Friday, February 17, 2006

WHAT IS "SWADESHI?"

Photo: this is the original home Gandhi built at Sevagram in central India, far from the places of "power." No electricity, no running water. But world leaders came to visit the small man with the great heart here. Here Gandhi daily lived the principles that India's independence movement embraced to achieve freedom nonviolently.

"Swadeshi." I saw this word at Bapu Kuti in Sevagram, India a few weeks ago. It was posted as one of the 11 "observances" at Gandhi's ashram. Here's what the folks a the Bombay Museum say about "swadeshi."

The overall experiment was towards building a non-violent society. The Freedom was the most immediate Swadeshi. The concept of Swadeshi as explained by Gandhi, the author of this entire non-violent struggle, is employment of unemployed or semi-employed people by encouraging village industries.

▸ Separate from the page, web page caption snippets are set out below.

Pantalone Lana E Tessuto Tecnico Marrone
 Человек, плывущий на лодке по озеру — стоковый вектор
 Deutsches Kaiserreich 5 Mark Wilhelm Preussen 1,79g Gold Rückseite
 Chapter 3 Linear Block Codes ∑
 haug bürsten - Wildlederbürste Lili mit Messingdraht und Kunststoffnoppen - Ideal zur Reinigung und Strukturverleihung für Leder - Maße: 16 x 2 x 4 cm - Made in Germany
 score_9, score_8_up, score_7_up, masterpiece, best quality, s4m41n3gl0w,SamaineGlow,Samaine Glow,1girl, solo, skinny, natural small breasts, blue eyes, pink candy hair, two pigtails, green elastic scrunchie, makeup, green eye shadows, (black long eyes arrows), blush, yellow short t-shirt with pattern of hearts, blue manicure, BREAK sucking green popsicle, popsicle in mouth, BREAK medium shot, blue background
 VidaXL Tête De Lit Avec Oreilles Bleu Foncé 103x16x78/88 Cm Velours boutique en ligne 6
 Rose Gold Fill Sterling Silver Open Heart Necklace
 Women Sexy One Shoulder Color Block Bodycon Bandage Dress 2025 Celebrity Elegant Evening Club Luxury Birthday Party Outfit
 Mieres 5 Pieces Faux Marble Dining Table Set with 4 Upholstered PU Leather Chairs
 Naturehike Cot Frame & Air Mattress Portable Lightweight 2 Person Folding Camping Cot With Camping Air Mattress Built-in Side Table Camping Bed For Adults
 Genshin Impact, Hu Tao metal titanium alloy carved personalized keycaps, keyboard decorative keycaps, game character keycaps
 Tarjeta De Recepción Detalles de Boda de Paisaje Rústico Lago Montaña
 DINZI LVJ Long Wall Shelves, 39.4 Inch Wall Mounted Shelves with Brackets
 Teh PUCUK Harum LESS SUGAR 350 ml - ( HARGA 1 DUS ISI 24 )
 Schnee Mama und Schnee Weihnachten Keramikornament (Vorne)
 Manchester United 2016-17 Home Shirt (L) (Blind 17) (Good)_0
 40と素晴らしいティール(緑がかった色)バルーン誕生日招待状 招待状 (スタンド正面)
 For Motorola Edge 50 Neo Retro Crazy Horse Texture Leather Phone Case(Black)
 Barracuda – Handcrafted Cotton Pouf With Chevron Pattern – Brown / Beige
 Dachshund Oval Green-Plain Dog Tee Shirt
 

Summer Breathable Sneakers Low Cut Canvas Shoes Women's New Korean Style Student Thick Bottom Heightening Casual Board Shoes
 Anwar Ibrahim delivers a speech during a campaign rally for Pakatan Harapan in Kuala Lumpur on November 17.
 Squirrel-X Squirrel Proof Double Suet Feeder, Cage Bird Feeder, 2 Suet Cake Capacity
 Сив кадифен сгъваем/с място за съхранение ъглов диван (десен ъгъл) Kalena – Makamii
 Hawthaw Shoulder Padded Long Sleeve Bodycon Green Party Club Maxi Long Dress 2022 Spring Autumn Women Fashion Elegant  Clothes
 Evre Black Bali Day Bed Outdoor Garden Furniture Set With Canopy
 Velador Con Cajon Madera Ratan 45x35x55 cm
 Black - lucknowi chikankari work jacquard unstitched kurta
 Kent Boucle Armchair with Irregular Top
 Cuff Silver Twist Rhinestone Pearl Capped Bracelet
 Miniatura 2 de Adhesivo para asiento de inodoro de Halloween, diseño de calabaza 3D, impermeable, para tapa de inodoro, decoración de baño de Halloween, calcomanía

The use of machinery is, of course, welcome with caution and proper planning so that it can be useful to the masses rather than helping a few who can monopolise the industry. One is made aware of the violence involved in supporting unnecessary industries, which deprive millions of people of their livelihood and face disease and death. Besides, the use of industrial products which cause a lot of violence due to mishaps, chemicals and materials which involve harm to other creatures, makes the consumer responsible for this violence. The consumer therefore, has the responsibility of choosing the materials which he uses, with great prudence.

Talking to Ramachandran, a student of Shantiniketan on October 10/11, 1924, Gandhi said: "What I object to is the craze for machinery, not machinery as such. The craze is for what they call labour-saving machinery. Men go on ‘saving labour’ till thousands are without work and thrown on the streets to die of starvation. I want to save time and labour, not for a fraction of mankind, but for all. I want the concentration of wealth, not in the hands of a few, but in the hands of all. Today machinery helps a few to ride on the backs of millions. The impetus behind it is not philanthropy to save labour, but greed."

"The aim of 'swadeshi' as such, is a call to the consumer to be aware of the violence he is causing by supporting those industries that result in poverty, harm to workers and to humans and other creatures."